By saying what I just said, I do not take a backseat to anyone in my frustration with many people in CT’s world. I want to be civil—but, honestly, how long should it take intelligent adults to discern that they can say out loud that Trump is unfit for office? And don’t get me started about other places I disagree with centrist evangelicals—especially their tendency to sneer at other kinds of Christian commitment and judge it irrelevant to (their own) real Christianity.


It’s just that I can remember how my own seven-year-old mind managed, with whatever sincerity that was relevant for me in 1964, to learn from an evangelical subculture that Barry Goldwater was cooler than Lyndon Johnson. I soon got over that lesson by learning more—but how and why I learned was not fully under my control, either at age seven or even seventeen.


Much of what I learned was “insular,” just as the left critics insist. It was also deeply entangled with other dubious strands such as God blessing US imperialism. But on the other hand, I also learned a a lot of my dissent, especially about economic injustice, from evangelical discourse. This was a language I was taught to speak.

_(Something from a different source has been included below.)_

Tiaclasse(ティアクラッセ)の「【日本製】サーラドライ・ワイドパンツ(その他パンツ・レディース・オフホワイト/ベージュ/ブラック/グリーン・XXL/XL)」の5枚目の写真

Being raised to take my place as a white Republican evangelical did not stop me from rethinking it. On the contrary, evangelicalism--at least as I experienced it--pressed me further and further—first toward the margins of evangelicalism and soon out of it. The more I learned the faster I moved. For a brief moment some of the smarter intellectuals in CT’s orbit kept me in their fold. Soon I moved on to ideas I found more persuasive.


This really should not be hard to understand. In real life, lived religion is like speaking a complex language in which one can debate about values. Being fluent in a language does not lock you into one argument or set of priorities, even if there are dominant patterns from place to place, as well as pressure to conform. Anyone who wants to move away from a given pattern, or toward a different vernacular, likely needs to start by critiquing or translating what they inherited.


Conclusion: a Shrinking Glacier Matters Even If It Is Still Very Cold


Moving leftward from conservative Christianity is an extremely common pattern in US culture.


“Who speaks for evangelicals?” is not a question that we can resolve using stipulated definitions, ones that exclude all data that doesn’t fit under our definition. This is a debate, and people with a tin ear who mainly insult their opponents, as opposed to respecting their opponent’s process and trying to persuade them, are likely to lose the debate. Counting fractions of self-identified evangelicals does not come near the heart of the question, because the stakes of the debate are how many people will come to renounce the evangelical label, as part of our glacier with chunks calving off.


So I repeat: a non-trivial minority of evangelicals—enough to be a significant swing group—will likely switch their loyalties to the Democrats. The exact numbers that split off—whether toward the small remant of anti-Trump evangelicals or more likely away from evangelicalism toward other religious and/or secular stances—will depend in some large part on whether they perceive that left-liberal critics are treating them with nuance and respect, as opposed to stereotypes and contempt.